Apa hasil kerja seorang ibu rumahtangga?
Banyak
sekali, namun sayangnya tidak pernah diekspos dan diangkat ke dalam
diskusi besar-besaran. Tidak juga ada lembaga besar yang mau mengadakan
penelitian seputar hal ini. Sebaliknya, ada ribuan seminar tentang
wanita bekerja yang mempromosikan wanita untuk keluar rumah mengejar
karir kantoran. Bahkan di negeri ini sedang ada diskusi tentang perlunya
meningkatkan keterwakilan wanita di parlemen. That means: harus ada
lebih banyak lagi wanita yang berkarir politik di negeri yang pernah
punya presiden wanita ini.
Apakah wanita tidak boleh bekerja di luar rumah?

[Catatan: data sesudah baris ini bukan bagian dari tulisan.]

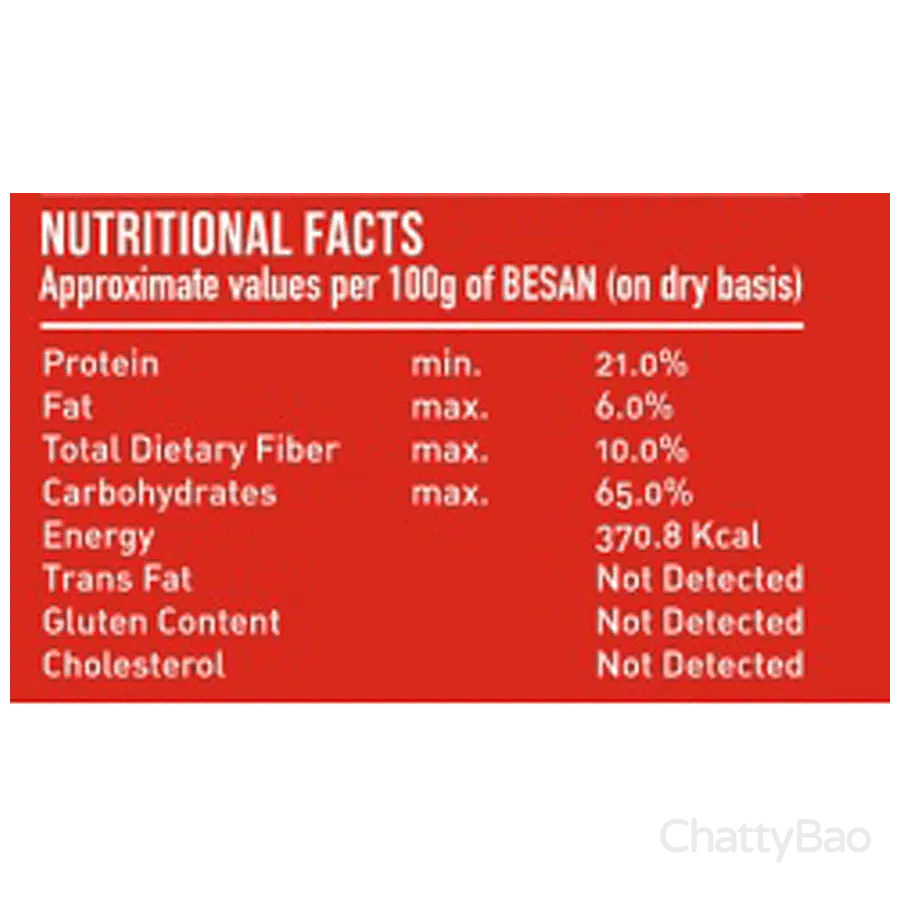 Rajdhani Mota Besan 500 g view 3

Wah nanti dulu, di sini bukan porsinya untuk membicarakan fatwa.
Coba
kita tinjau dari sudut lain: apa alasan wanita bekerja di luar rumah.
Pertama ada alasan finansial, ini yang terbanyak. Kedua, alasan mencari
aktualisasi diri, ketiga, alasan jenuh di rumah, dan terakhir:
dibutuhkan di masyarakat. Untuk orang-orang tertentu, alasan terakhir
sangat kuat. Misalnya karir sebagai guru TK, hampir tak bisa ditemukan
guru TK yang pria, dan memang wajar, tidak cocok. Dokter wanita juga
termasuk yang sangat dibutuhkan di masyarakat. Alasannya sederhana,
wanita seringkali malu jika dokternya pria. Menjadi perawat juga
diperlukan. Bahkan di zaman Nabi SAW, para isteri beliau diundi
berangkat bersama Nabi SAW ke medan jihad untuk merawat yang sakit.

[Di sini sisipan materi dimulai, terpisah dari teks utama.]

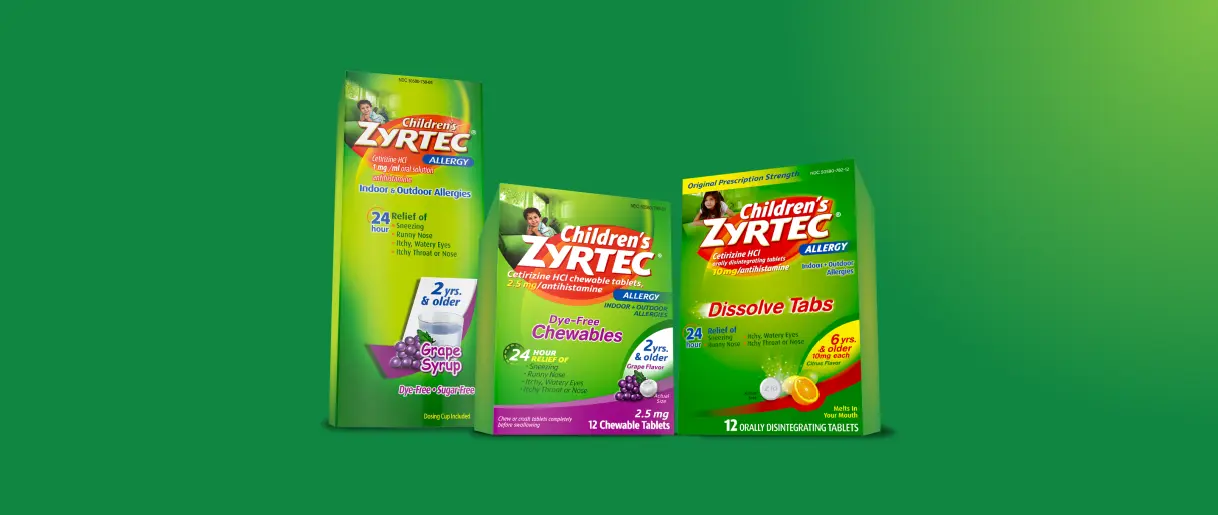 ZYRTEC® Children\'s Cetirizine HCl Products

Dari empat alasan di atas, dua yang pertama adalah yang terbanyak.
Apakah
seorang wanita benar-benar perlu membantu mencari nafkah? Sangat
relatif. Jika suaminya masih bisa memenuhi sandang pangan dan papan
dengan standar cukup yang normal, maka kebutuhan tersebut tidak ada
lagi. Kita dapat memaklumi mbok-mbok jamu yang terpaksa keluar masuk
kampung dengan jamu gendongnya, sebab dalam hitungan kasat mata kita
dapat melihat bahwa kebutuhan rumahtangganya pasti tak mencukupi jika ia
tak berjualan. Masing-masing kita bisa menilai sendiri apakah standar
minimal tersebut sudah terpenuhi atau belum. Namun bagaimana dengan yang
beralasan ’aktualisasi diri’?
Istilahnya saja diambil dari
filsuf barat, Maslow. Jauh dari hidayah Islam. Namun lebih jauh lagi,
’aktualisasi diri’ sekarang diartikan sangat jauh kepada karir dengan
format materialisme. Seseorang tidak dikatakan sampai derajat mencapai
aktualisasi diri jika belum mendapatkan format kerja yang menghasilkan
karya materi. Apakah itu berupa penghasilan tinggi, atau prestasi
ilmiah, atau prestasi di bidang apa saja yang bisa masuk ke dalam
katagori pengakuan dari masyarakat. Jadi, jika ia hidup di masyarakat
yang sudah tidak lagi menghargai karya seorang ibu rumahtangga, maka ia
tak akan pernah mencapai aktualisasi diri. Meskipun semua anaknya sholeh
dan cerdas, rumahtangganya tak pernah meresahkan orang lain dan
sebagainya. Bahkan suaminya amat menghargai sang isteri karena
kontribusinya sebagai pasangan hidup terbaik.
Sebaliknya, seorang
wanita yang sukses karir dan merasa sudah mendapatkan kepuasan dan
aktualisasi diri, mungkin saja mempunyai kisah hidup memilukan,
anak-anaknya yang tak bisa menghargai dirinya, ketika sudah jompo iapun
terdampar di panti wredha. Konsep Maslow tentang aktualisasi diri itupun
masih belum ”sempurna”, sebab pengakuan yang dicarinya masih terbatas
pengakuan manusia. Siapakah manusia? Makhluk fana yang sering berbohong.
Islam menghendaki seseorang mencari pengakuan dari Pihak Yang Tak
Pernah Mengingkari Janji, apalagi berbohong. Ridha Allah adalah sukses
tertinggi yang bisa dicapai makhluk di hadapan Khalik. Imbalannya-pun
bukan milyaran dollar, tidak. Itu terlalu kecil, sebab Syurga diwariskan
kepada para hamba sholeh luasnya seluas langit dan bumi, masih ditambah
kelak dipuji puji oleh para malaikat mulia yang berbakti.
Suatu
saat Nabi SAW ditanya oleh seseorang: siapakah orang pertama yang harus
aku muliakan, ya Rasulullah? Jawab beliau: Ibumu (1x) ibumu (ke 2 x) dan
ibumu (ke 3 x), kemudian baru ayahmu.
Alangkah indahnya Islam, alangkah mulianya kedudukan wanita dalam Islam.